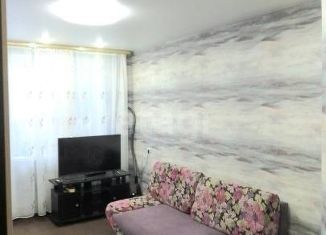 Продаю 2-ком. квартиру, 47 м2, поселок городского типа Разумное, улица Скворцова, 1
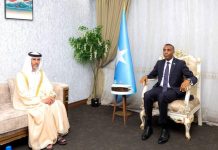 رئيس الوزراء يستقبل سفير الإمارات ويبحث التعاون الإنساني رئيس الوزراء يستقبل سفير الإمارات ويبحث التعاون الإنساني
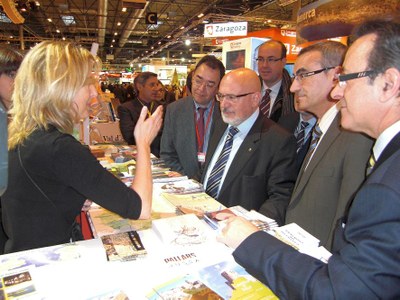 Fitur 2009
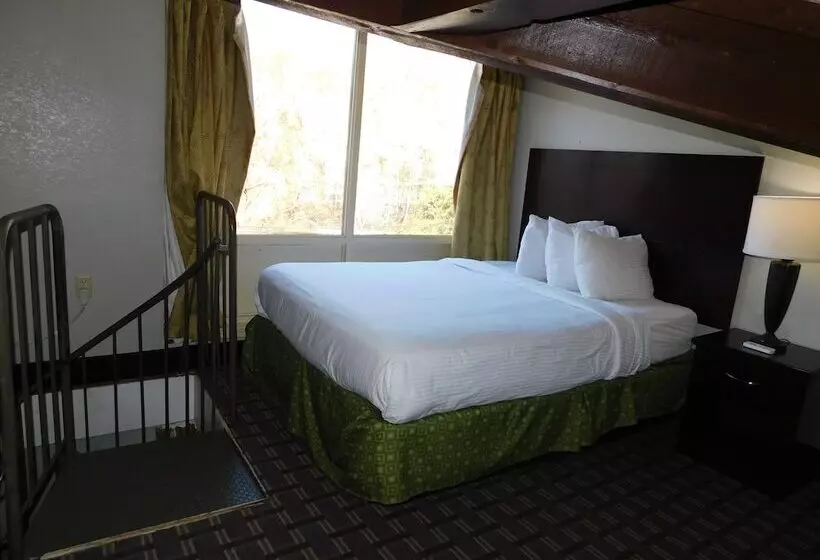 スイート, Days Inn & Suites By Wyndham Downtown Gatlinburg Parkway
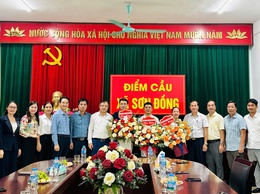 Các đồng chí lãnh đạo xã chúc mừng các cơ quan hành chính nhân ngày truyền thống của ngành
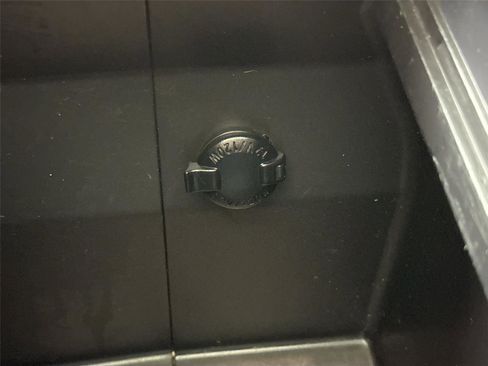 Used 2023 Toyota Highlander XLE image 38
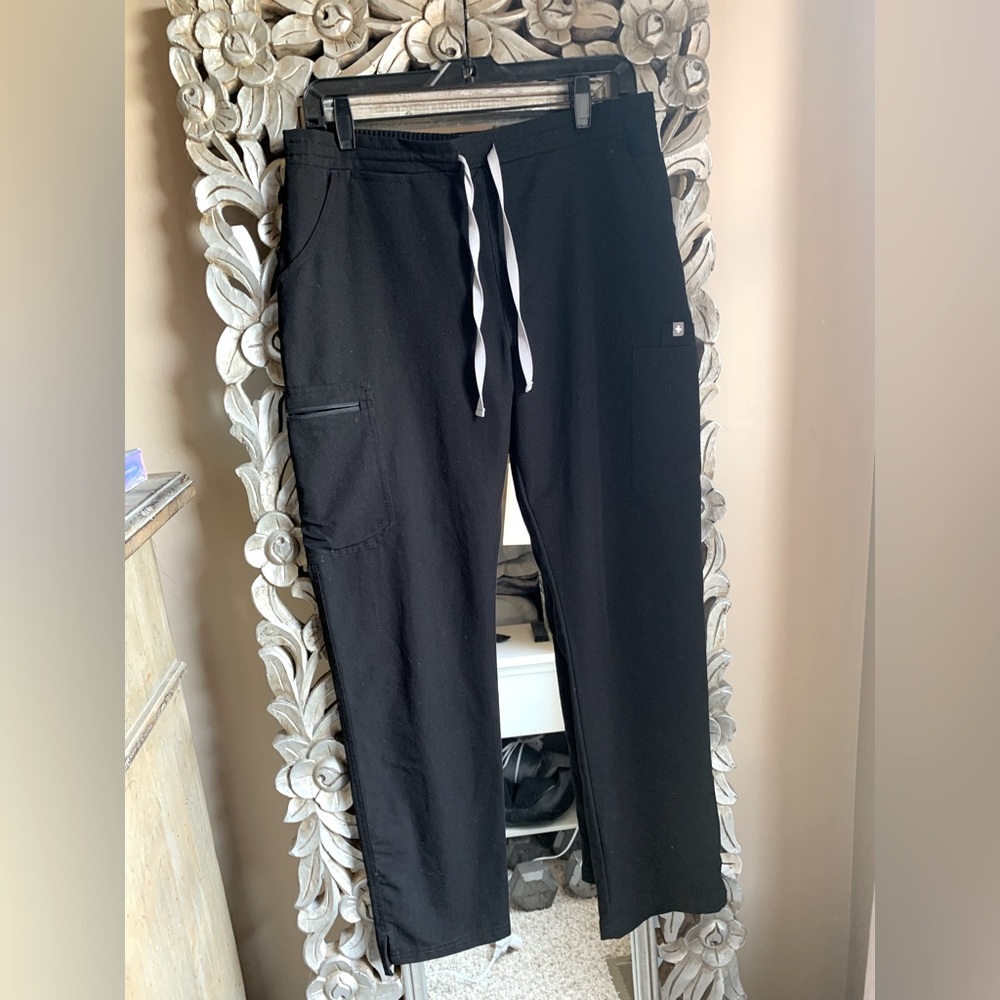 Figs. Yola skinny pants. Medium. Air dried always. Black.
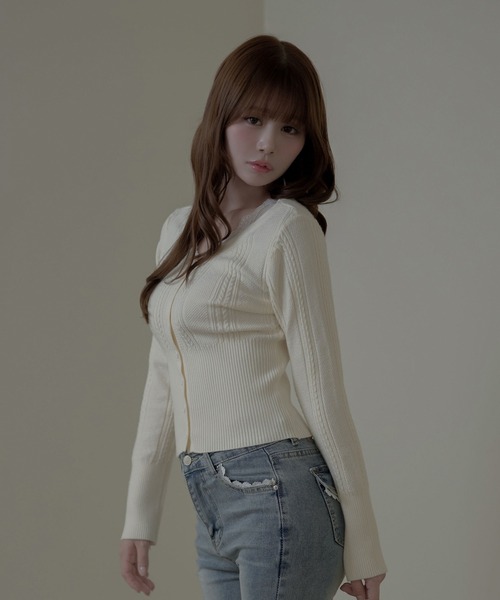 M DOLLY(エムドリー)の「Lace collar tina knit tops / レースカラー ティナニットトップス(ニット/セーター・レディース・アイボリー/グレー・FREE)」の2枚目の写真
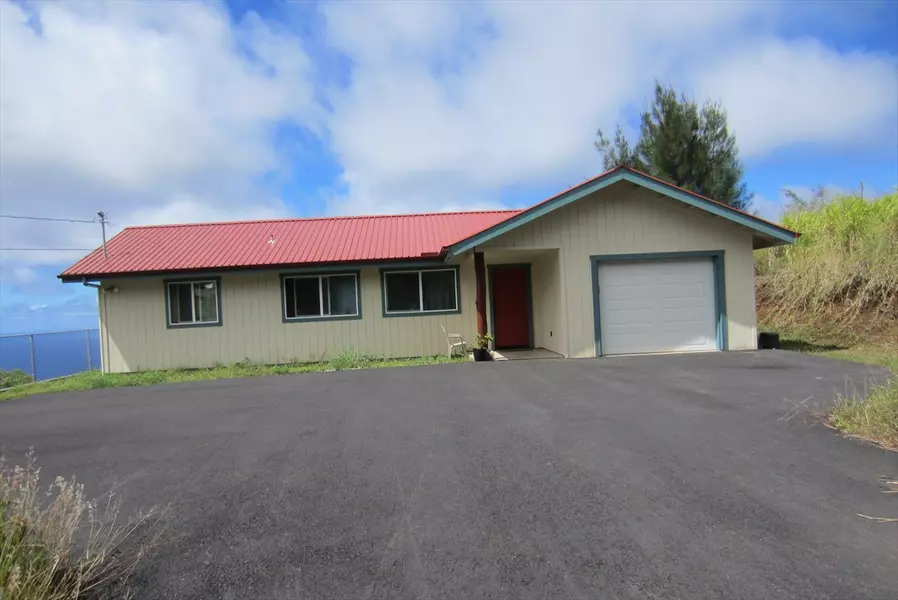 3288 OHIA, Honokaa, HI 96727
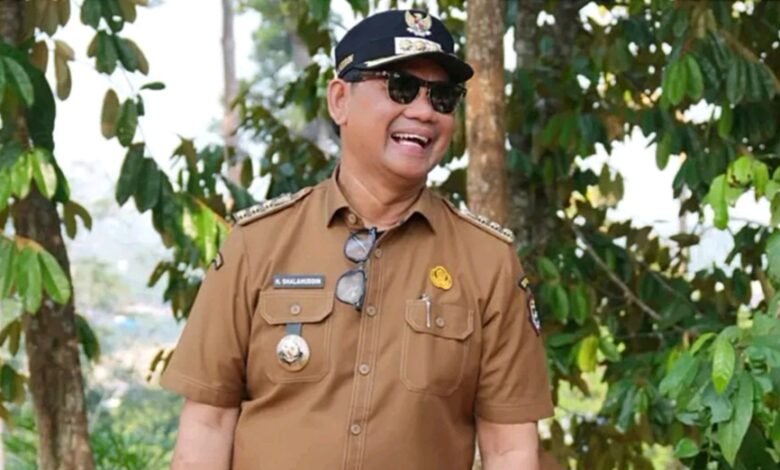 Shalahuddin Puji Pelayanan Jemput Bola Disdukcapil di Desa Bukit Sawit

┄┄┄┄┄┄┄┄┄┄┄┄┄┄┄┄┄┄┄┄

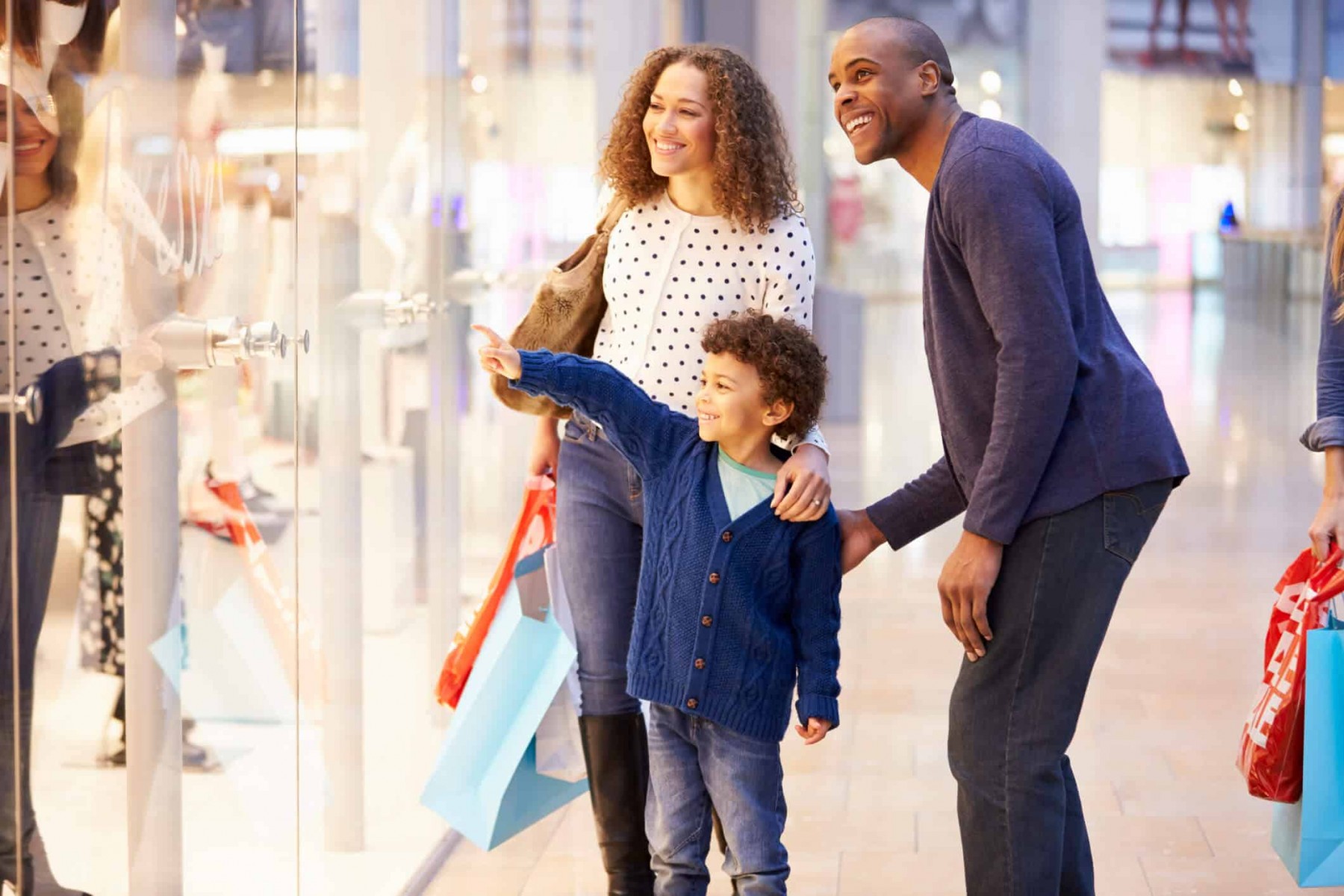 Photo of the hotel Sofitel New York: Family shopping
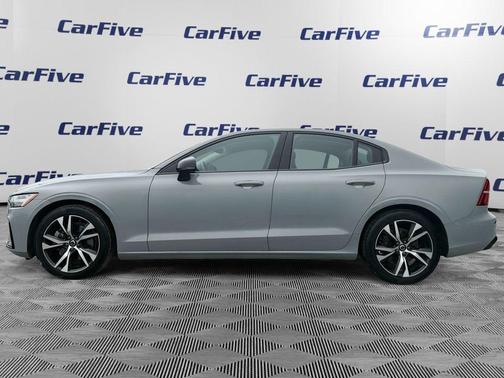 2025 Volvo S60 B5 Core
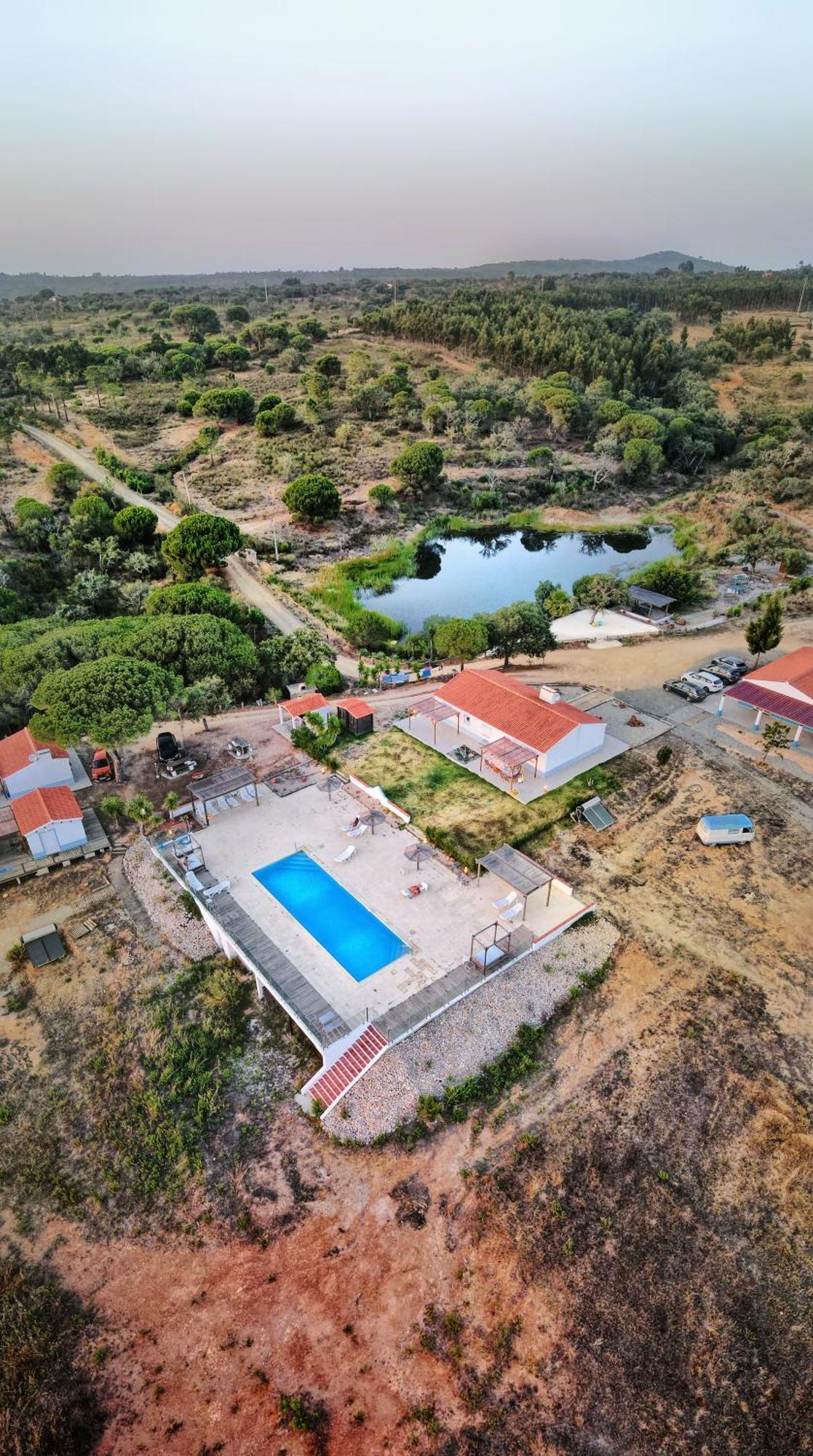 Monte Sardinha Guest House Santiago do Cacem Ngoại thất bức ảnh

┄┄┄┄┄┄┄┄┄┄┄┄┄┄┄┄┄┄┄┄

▶ ABOUT THIS TASK
The response must repeat exactly the lines above from the one with "Продаю 2-ком. квартиру, 47" through the one with "Used 2023 Toyota Highlander XLE image 38", including both, and must contain no pictures and no other text.

▶ SOLUTION TO THE EXERCISE
 Продаю 2-ком. квартиру, 47 м2, поселок городского типа Разумное, улица Скворцова, 1
 رئيس الوزراء يستقبل سفير الإمارات ويبحث التعاون الإنساني رئيس الوزراء يستقبل سفير الإمارات ويبحث التعاون الإنساني
 Fitur 2009
 スイート, Days Inn & Suites By Wyndham Downtown Gatlinburg Parkway
 Các đồng chí lãnh đạo xã chúc mừng các cơ quan hành chính nhân ngày truyền thống của ngành
 Used 2023 Toyota Highlander XLE image 38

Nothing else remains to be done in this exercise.